# Meson decay

1. Sep 29, 2012

### xiMy

1. The problem statement, all variables and given/known data
a) η decays into two photons, but not three. Through which interaction does the decay occur. What is C(η)?

b) ρ0 decays into $\pi^{+}\pi^{-}$ but $\eta^0$ does not. Why is that?

c) $\omega$ decays through electromagnetic interaction into $\pi^0$$\gamma$. C($\omega$)?

d) $b_1(1235)$ decays almost solely into $\omega\pi$ Reason what the isospin, parity ,C, and spin from b might be.

2. Relevant equations
conservation laws
$P=(-1)^{L+1}$
$S=(-1)^{L+S}$
spin either 0 or 1 for mesons - is that correct ? I know that there are technically only to constituents but the flavour wave functions have weird structures.
3. The attempt at a solution

Would someone be so kind and help me through this? I still struggle to get my head into this.

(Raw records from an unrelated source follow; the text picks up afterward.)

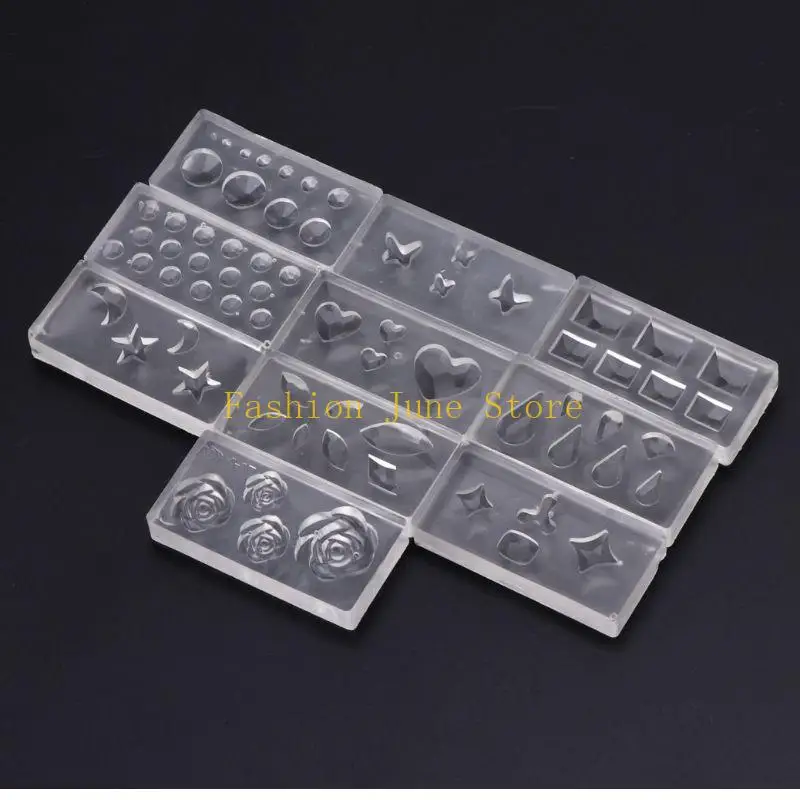 

N5KA 10x Art Mold Decortive Silicone Mold Moon Art Making Tools Resin Casting Molds Manicure DIY Template Craft Art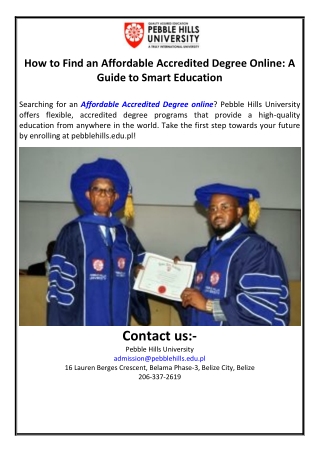How to Find an Affordable Accredited Degree Online: A Guide to Smart Education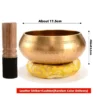 Tibetan Singing Bowl Set Multiple Size Options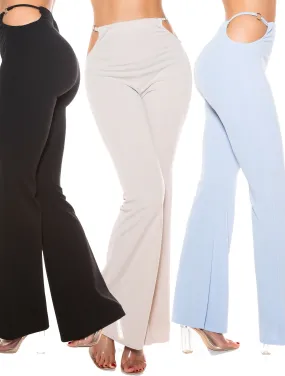 Pantaloni con ritagli laterali 0000H94155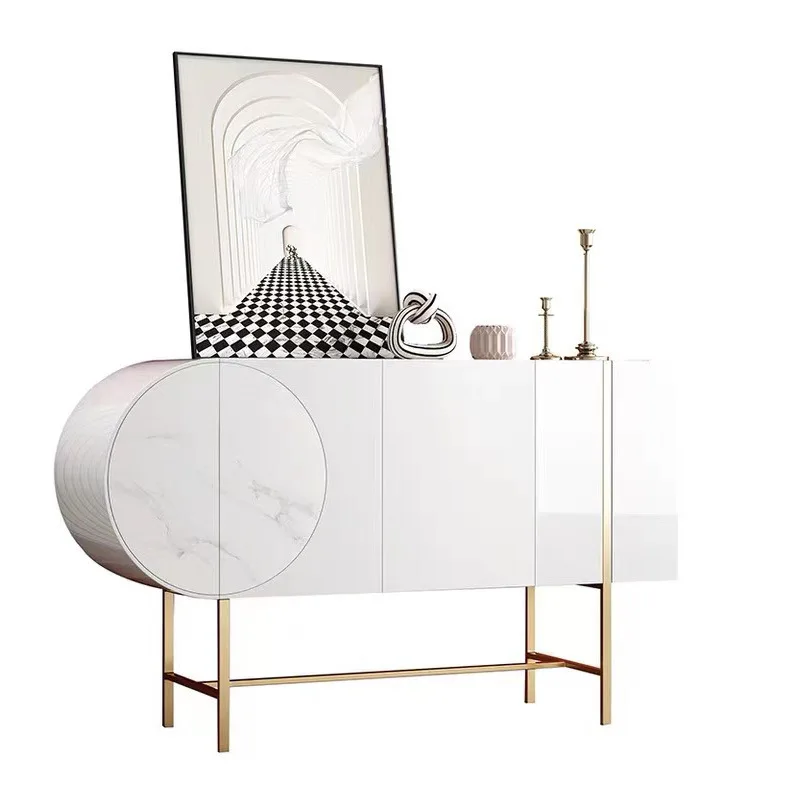 CX modern simple entrance cabinet, living room partition decoration, high-end solid wood dining side cabinet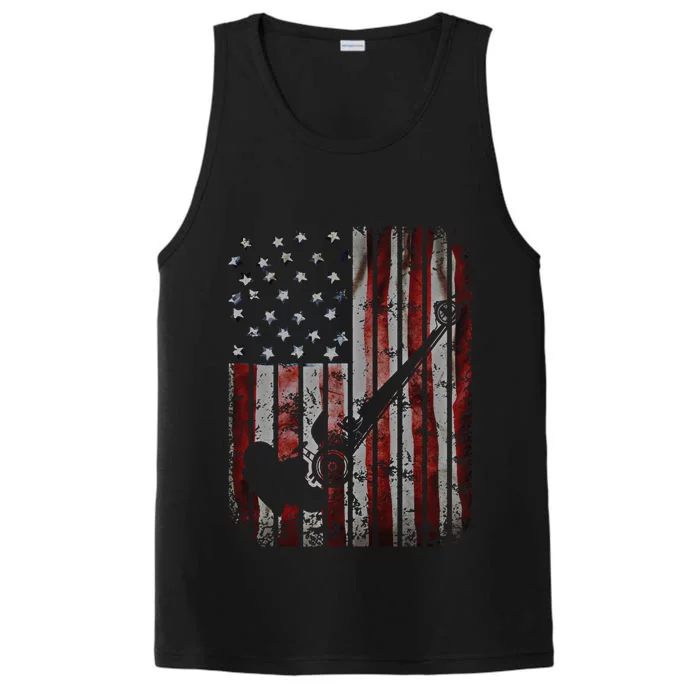 Drag Car Racing American Flag Top Fuel Dragster Hot Rod Gift Performance Tank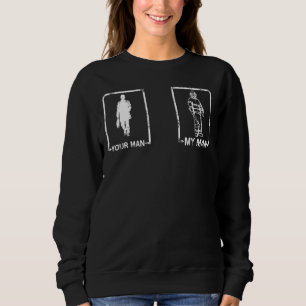 Fireman Girlkompis-fru för kvinnor Firefighter T Shirt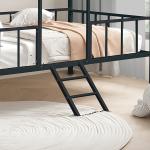 Black Metal House Twin Loft Bed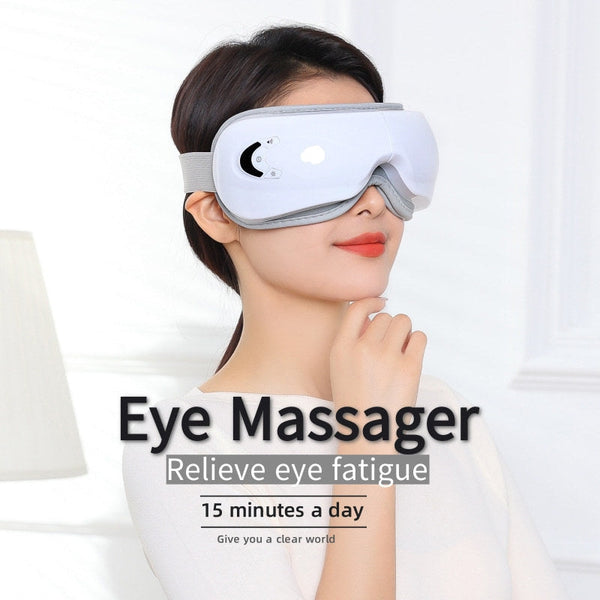 Massagers Eye Massager With Vibration And Heat Compression Air Pressure Therapy Device For Relaxation Care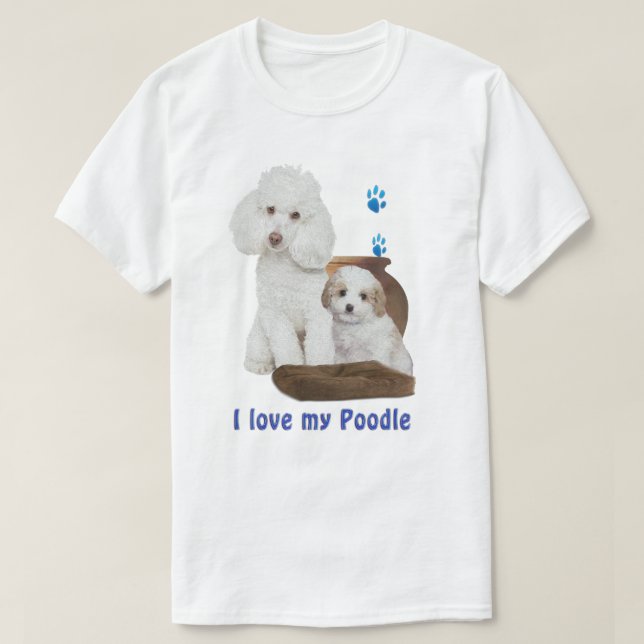 Ich Liebe mein Poodle T-Shirt (Design vorne)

a) is the only one I am able to solve:
the c parity has to be multiplied. the photon has a c parity of -1 and therefore C is 1 here.
electromagnetic.
b) I am not sure whether I am allowed to look up the $J^{PC}$ value. I guess so, otherwise it's not possibly to solve ?
The roh has 1++ and the eta has 0-+
Using the formulas above I get l=1 for eta and l=0 for rho.
The Parity is calculated via $(-1)^l\cdot P_1\cdot P_2$
from the data booklet I get 0- for the pion thus parity(pion=-1) (is there a way to prove the parity by the way?)
How do I get to L($\pi^{+}\pi^{-}$)?

c)
With c($\gamma$)=-1 and ($\pi^0$)=1 it should be c($\omega$)=-1*1=-1

d)
Omega has 1-- and Pion 0-+. The spin follows therefore 1 and 0.
c(b)=c(omega)*c(pi)= -1.
Again I have no idea how to calculate the angular momentum between the final products.